Every entrepreneur has been tempted at some point. You see a successful company in your industry and think: “Why not just copy what they’re doing?”
But here’s the uncomfortable truth: Copying another company’s business model rarely works. I’ve seen entrepreneurs waste lakhs of rupees trying to replicate someone else’s success, only to fail spectacularly.
What Makes a Business Model Work
Most people think a business model is just tactics: pricing, marketing, distribution, and service policies. So they assume copying these will give the same results. This is wrong.
A successful strategy is a carefully designed system where every part connects and supports every other part. Think of it like a human body, you can’t transplant just a heart and expect it to work. The heart coordinates with lungs, blood vessels, and organs. When you copy pieces without understanding how they fit together, the system breaks down.
The 4 Dangerous Reasons Why Copying Fails
Reason #1: The Magic Is in the Interconnections
Successful strategies are networks of interdependent choices creating competitive advantage.
- Example: Low-Cost Airlines
Carrier A: Fast turnarounds, single aircraft type, point-to-point routes, no assigned seating, strong culture.
Carrier B: Ultra-low fares, charges for extras, different experience, different priorities.
Both are “low-cost” but fundamentally different systems. You can’t mix elements. Copy carrier A’s routes without their speed or culture, and you fail.
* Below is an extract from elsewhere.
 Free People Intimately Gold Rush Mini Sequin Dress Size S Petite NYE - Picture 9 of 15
Lesson: The magic isn’t in tactics, it’s in how they interconnect.
Reason #2: Your Market Context Is Different
A strategy working in one environment might fail in another.
- Example: Vacation Rentals
Company A: Solo travelers, budget customers, shared spaces, urban apartments, authentic experiences.
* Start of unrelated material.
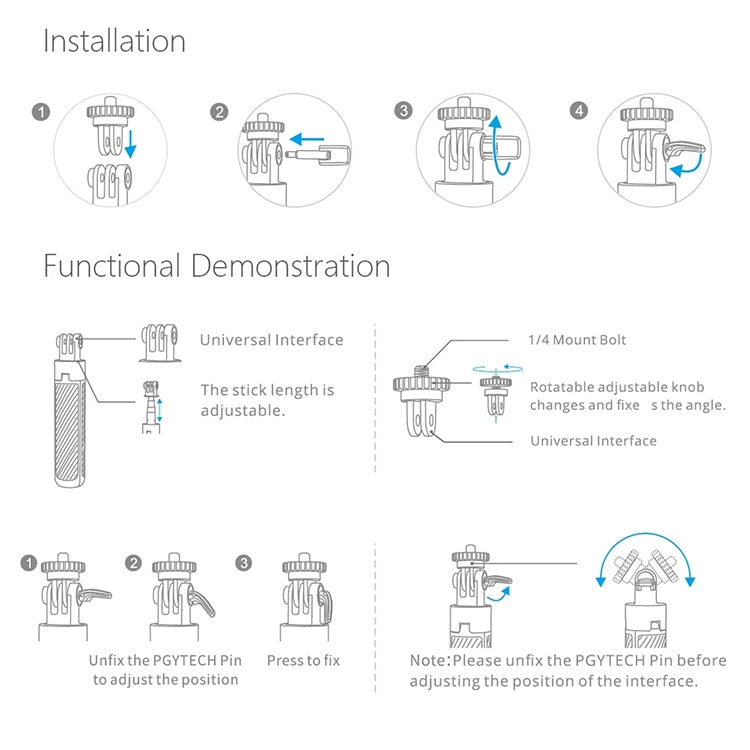 PGYTECH P-GM-117 Action Camera Tripod Extension Selfie Stick for DJI Osmo Action, P-GM-117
Company B: Families, privacy seekers, higher budgets, entire homes, vacation destinations.
Same industry, same platform, completely different approaches. If Company A copied Company B’s entire-homes focus, they’d alienate their core customers.
Lesson: Your strategy must fit YOUR specific market context.
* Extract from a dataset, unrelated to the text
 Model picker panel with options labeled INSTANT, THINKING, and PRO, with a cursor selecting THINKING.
Reason #3: Culture Cannot Be Copied
Your business model is executed by your team, shaped by company culture.
- Example: Financial Services
Firm A: Mutual ownership, “investor-first” philosophy, profits to customers, conservative focus.
Firm B: Corporate structure, entrepreneurial culture, innovation focus, active marketing.
Without the right culture, Firm B copying Firm A’s structure would fail. Culture shapes how you treat customers, what trade-offs you make, and what you sacrifice.
Lesson: You can copy tactics but not culture. Without culture, the approach fails.
Reason #4: Your Strengths Are Unique
No two businesses have identical strengths.
- Example: Tech Giants
Company A: Premium design, seamless ecosystem, hardware-software integration, emotional connection.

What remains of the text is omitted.